The text accompanying an illustration of a plump pumpkin and a phallic brinjal contains a reference to art historian, Kenneth Clark's observation that the three nudes in Rubens' Venus Naturalis "were laid out like fresh fruit for still life study". The artist further continues to observe that "Comparison of the human body with fruits and vegetable forms is a common phenomenon in art. Comparison of private body parts with specific fruits and vegetables is a prominent aspect of Bengali salacious literature. This comparison further becomes interesting with the titles and names given to them. One sees an interesting use of language with a special focus on alliteration". This text is the real "give-away" in Khastha Kotha, where you realize that the artist is not merely a maker or translator of pornographic literature, but a researcher into the making of such literature. His role is that of an anthropologist or an observer, larger akin to that of the classical miniaturist or the Colonial artist-botanist.

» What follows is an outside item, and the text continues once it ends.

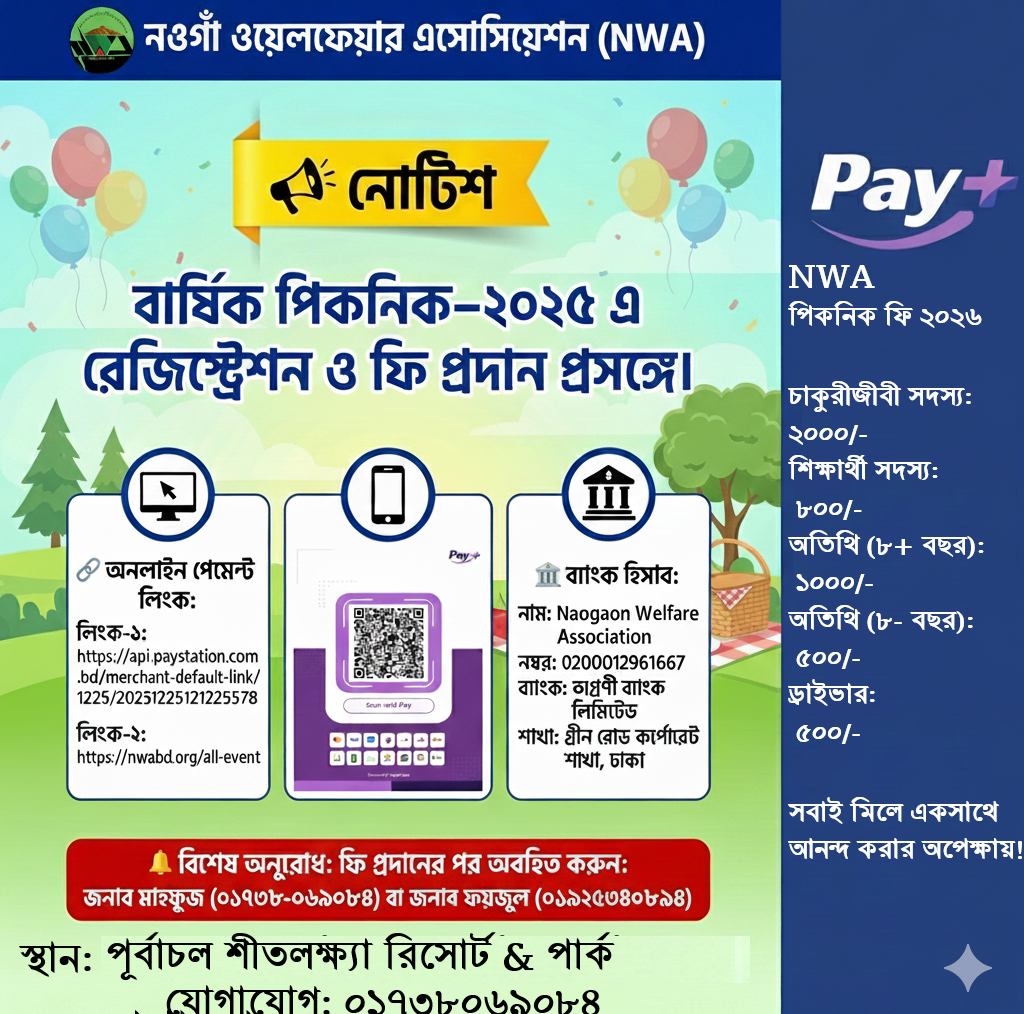 নওগাঁ ওয়েলফেয়ার এসোসিয়েশনের (NWA) বার্ষিক পিকনিক–২০২৫ এ রেজিস্ট্রেশন ও ফি প্রদান প্রসঙ্গে।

The last object in "I have a face but a face of what I am not" is the Siesta-Lulu, a slumbering cucumber or gourd of sorts cast in patinated bronze. Nestled on a silken cushion, this is tucked away together with the salacious literature in the recesses of a corridor largely hidden from the main gallery area, as if for surreptitious viewing. Once again a phallic alliteration, the Siesta-Lulu derives its name from the siesta-lulu, more commonly known as the "Leh berry". This is a sour berry that grows in the Northern Himalayas on a bush so thorny as to be used locally as fencing to protect property. Though this object is seen in a state of slumber here, its latent powers are implicated in the choice of title in the tradition of 19th century popular salacious literature on the one hand, and the "high" Baroque tradition of Rubens on the other. Adip Dutta's primary preoccupation in "I have a face but a face of what I am not" is to question "object" and "category", to transform, in his own words, "the banal into the beautiful".
From the exhibition catalogue published by Experimenter Gallery (2011).